Foreseen financial crunch?

Apparently, the financial turmoil that EDMC is facing was known to the Finance Department prior to trifurcation and yet nothing was done to address it. AN EDMC accountant said, "When the geographical division was proposed, we debated that financially it will not be viable because zonal accounts and zonal assets and liabilities were known to us, and we knew that one corporation would be in surplus and two would be in deficit."
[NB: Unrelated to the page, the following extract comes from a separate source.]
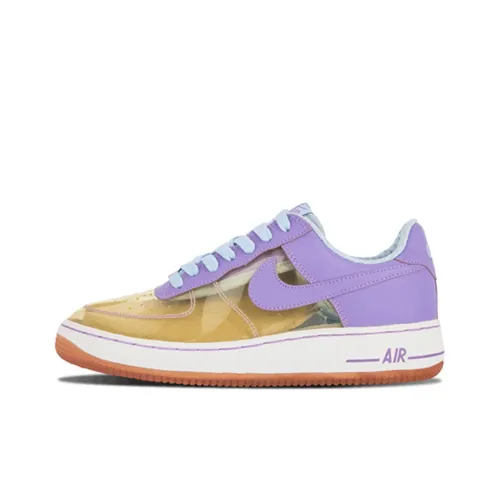 Nike Air Force 1 Fantastic 4 Invisible Покрытие Противоскользящий Низкий Топ Скейтбординг Кроссовки Женские Фиолетовый Желтый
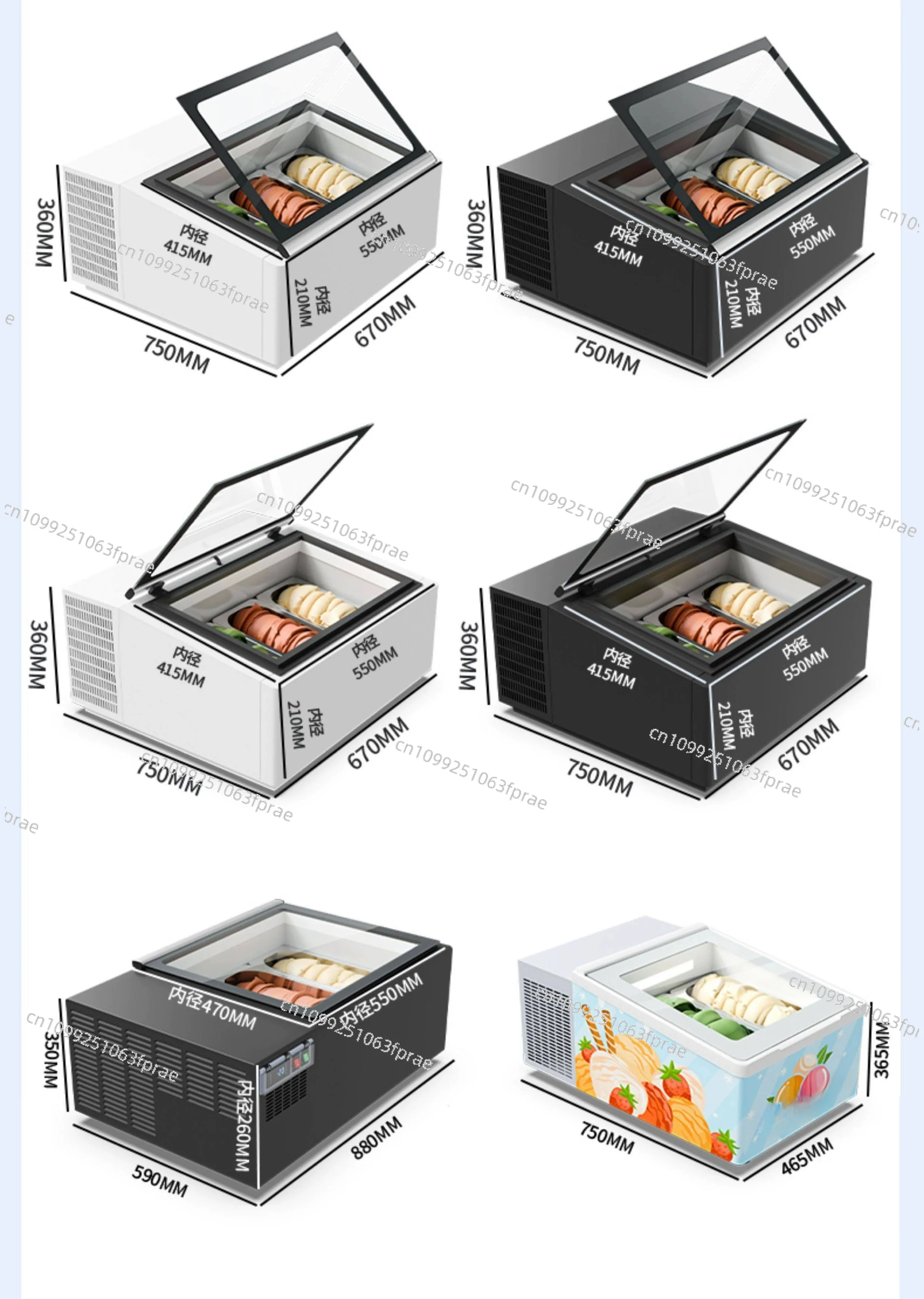 Small ice cream frozen countertop display cabinet Hard ice cream Italian stall digging balls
Even though this might have been known to the Congress-led Delhi government that trifurcated the MCD, they did not make any attempts to make MCD financially sustainable. This was evident in my interview with Sheila Dikshit in which she acknowledged that the MCD is not financially sustainable and it is the responsibility of the Delhi government to provide the gap amount. That's why the EDMC managed to make ends meet during her tenure as financial aid was provided; the situation worsened with the AAP government, which the councillors allege is trying to malign the MCD to get BJP out of power.

Conclusion

Sources of revenue for the EDMC did not increase post-trifurcation even as the bureaucracy (and the paraphernalia attached to it) expanded at the top-level. There was no addition to the ground-level employees like the safai karamcharis. Even though EDMC was able to procure sanitation equipment using plan funding, there is never enough money to pay salaries. Devolution of funds has not happened post-trifurcation, leading to a dip in the condition of SWM and other services. Unless we address this deeper problem, the objective of trifurcation will never be met, and Delhi's municipal services will continue to deteriorate.